Task description:
Give back each entry verbatim.

Supplied material:
##########
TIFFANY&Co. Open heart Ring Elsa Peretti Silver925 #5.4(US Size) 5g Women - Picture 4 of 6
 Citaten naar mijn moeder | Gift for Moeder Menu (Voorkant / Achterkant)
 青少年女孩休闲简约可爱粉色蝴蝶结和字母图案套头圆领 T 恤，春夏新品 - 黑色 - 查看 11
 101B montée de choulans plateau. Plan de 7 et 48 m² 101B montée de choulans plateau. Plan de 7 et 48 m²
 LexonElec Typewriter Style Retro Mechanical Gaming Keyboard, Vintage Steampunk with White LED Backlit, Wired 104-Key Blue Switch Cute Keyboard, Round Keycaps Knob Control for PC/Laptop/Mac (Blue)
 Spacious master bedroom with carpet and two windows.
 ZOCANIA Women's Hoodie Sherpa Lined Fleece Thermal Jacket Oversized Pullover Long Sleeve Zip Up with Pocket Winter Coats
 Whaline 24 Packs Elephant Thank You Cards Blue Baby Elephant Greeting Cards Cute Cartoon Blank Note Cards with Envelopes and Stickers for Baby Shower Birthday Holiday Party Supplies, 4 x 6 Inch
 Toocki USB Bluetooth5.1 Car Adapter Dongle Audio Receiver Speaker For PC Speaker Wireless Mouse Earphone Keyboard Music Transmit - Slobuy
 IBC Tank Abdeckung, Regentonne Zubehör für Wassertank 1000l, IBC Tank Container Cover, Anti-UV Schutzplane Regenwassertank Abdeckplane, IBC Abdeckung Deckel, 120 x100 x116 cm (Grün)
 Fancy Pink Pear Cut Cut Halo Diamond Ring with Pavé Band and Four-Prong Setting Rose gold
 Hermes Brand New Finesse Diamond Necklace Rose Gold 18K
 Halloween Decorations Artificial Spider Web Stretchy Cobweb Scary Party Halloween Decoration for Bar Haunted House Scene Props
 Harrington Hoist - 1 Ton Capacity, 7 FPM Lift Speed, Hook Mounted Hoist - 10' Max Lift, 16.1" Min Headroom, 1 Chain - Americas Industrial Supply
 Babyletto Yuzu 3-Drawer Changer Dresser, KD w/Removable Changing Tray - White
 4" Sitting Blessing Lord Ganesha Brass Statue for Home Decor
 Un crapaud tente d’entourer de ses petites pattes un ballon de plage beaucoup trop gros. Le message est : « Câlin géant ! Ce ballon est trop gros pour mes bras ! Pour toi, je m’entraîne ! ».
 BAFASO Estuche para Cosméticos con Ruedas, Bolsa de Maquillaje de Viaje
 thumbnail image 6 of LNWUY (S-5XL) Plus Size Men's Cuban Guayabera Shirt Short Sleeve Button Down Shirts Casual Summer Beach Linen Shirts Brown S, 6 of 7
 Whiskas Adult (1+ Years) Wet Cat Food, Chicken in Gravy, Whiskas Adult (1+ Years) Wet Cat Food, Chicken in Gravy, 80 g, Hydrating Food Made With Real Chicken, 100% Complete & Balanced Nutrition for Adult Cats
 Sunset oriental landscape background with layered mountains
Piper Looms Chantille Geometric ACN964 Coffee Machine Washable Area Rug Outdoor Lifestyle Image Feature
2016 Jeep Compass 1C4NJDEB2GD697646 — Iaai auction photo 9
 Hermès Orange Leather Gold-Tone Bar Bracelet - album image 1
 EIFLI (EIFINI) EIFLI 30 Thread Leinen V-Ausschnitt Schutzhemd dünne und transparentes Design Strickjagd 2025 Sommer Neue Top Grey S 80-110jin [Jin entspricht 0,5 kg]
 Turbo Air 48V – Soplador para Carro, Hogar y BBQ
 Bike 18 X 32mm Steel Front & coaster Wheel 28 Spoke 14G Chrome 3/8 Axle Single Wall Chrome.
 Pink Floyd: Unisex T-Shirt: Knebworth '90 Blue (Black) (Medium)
##########
Response to this task:
TIFFANY&Co. Open heart Ring Elsa Peretti Silver925 #5.4(US Size) 5g Women - Picture 4 of 6
 Citaten naar mijn moeder | Gift for Moeder Menu (Voorkant / Achterkant)
 青少年女孩休闲简约可爱粉色蝴蝶结和字母图案套头圆领 T 恤，春夏新品 - 黑色 - 查看 11
 101B montée de choulans plateau. Plan de 7 et 48 m² 101B montée de choulans plateau. Plan de 7 et 48 m²
 LexonElec Typewriter Style Retro Mechanical Gaming Keyboard, Vintage Steampunk with White LED Backlit, Wired 104-Key Blue Switch Cute Keyboard, Round Keycaps Knob Control for PC/Laptop/Mac (Blue)
 Spacious master bedroom with carpet and two windows.
 ZOCANIA Women's Hoodie Sherpa Lined Fleece Thermal Jacket Oversized Pullover Long Sleeve Zip Up with Pocket Winter Coats
 Whaline 24 Packs Elephant Thank You Cards Blue Baby Elephant Greeting Cards Cute Cartoon Blank Note Cards with Envelopes and Stickers for Baby Shower Birthday Holiday Party Supplies, 4 x 6 Inch
 Toocki USB Bluetooth5.1 Car Adapter Dongle Audio Receiver Speaker For PC Speaker Wireless Mouse Earphone Keyboard Music Transmit - Slobuy
 IBC Tank Abdeckung, Regentonne Zubehör für Wassertank 1000l, IBC Tank Container Cover, Anti-UV Schutzplane Regenwassertank Abdeckplane, IBC Abdeckung Deckel, 120 x100 x116 cm (Grün)
 Fancy Pink Pear Cut Cut Halo Diamond Ring with Pavé Band and Four-Prong Setting Rose gold
 Hermes Brand New Finesse Diamond Necklace Rose Gold 18K
 Halloween Decorations Artificial Spider Web Stretchy Cobweb Scary Party Halloween Decoration for Bar Haunted House Scene Props
 Harrington Hoist - 1 Ton Capacity, 7 FPM Lift Speed, Hook Mounted Hoist - 10' Max Lift, 16.1" Min Headroom, 1 Chain - Americas Industrial Supply
 Babyletto Yuzu 3-Drawer Changer Dresser, KD w/Removable Changing Tray - White
 4" Sitting Blessing Lord Ganesha Brass Statue for Home Decor
 Un crapaud tente d’entourer de ses petites pattes un ballon de plage beaucoup trop gros. Le message est : « Câlin géant ! Ce ballon est trop gros pour mes bras ! Pour toi, je m’entraîne ! ».
 BAFASO Estuche para Cosméticos con Ruedas, Bolsa de Maquillaje de Viaje
 thumbnail image 6 of LNWUY (S-5XL) Plus Size Men's Cuban Guayabera Shirt Short Sleeve Button Down Shirts Casual Summer Beach Linen Shirts Brown S, 6 of 7
 Whiskas Adult (1+ Years) Wet Cat Food, Chicken in Gravy, Whiskas Adult (1+ Years) Wet Cat Food, Chicken in Gravy, 80 g, Hydrating Food Made With Real Chicken, 100% Complete & Balanced Nutrition for Adult Cats
 Sunset oriental landscape background with layered mountains
Piper Looms Chantille Geometric ACN964 Coffee Machine Washable Area Rug Outdoor Lifestyle Image Feature
2016 Jeep Compass 1C4NJDEB2GD697646 — Iaai auction photo 9
 Hermès Orange Leather Gold-Tone Bar Bracelet - album image 1
 EIFLI (EIFINI) EIFLI 30 Thread Leinen V-Ausschnitt Schutzhemd dünne und transparentes Design Strickjagd 2025 Sommer Neue Top Grey S 80-110jin [Jin entspricht 0,5 kg]
 Turbo Air 48V – Soplador para Carro, Hogar y BBQ
 Bike 18 X 32mm Steel Front & coaster Wheel 28 Spoke 14G Chrome 3/8 Axle Single Wall Chrome.
 Pink Floyd: Unisex T-Shirt: Knebworth '90 Blue (Black) (Medium)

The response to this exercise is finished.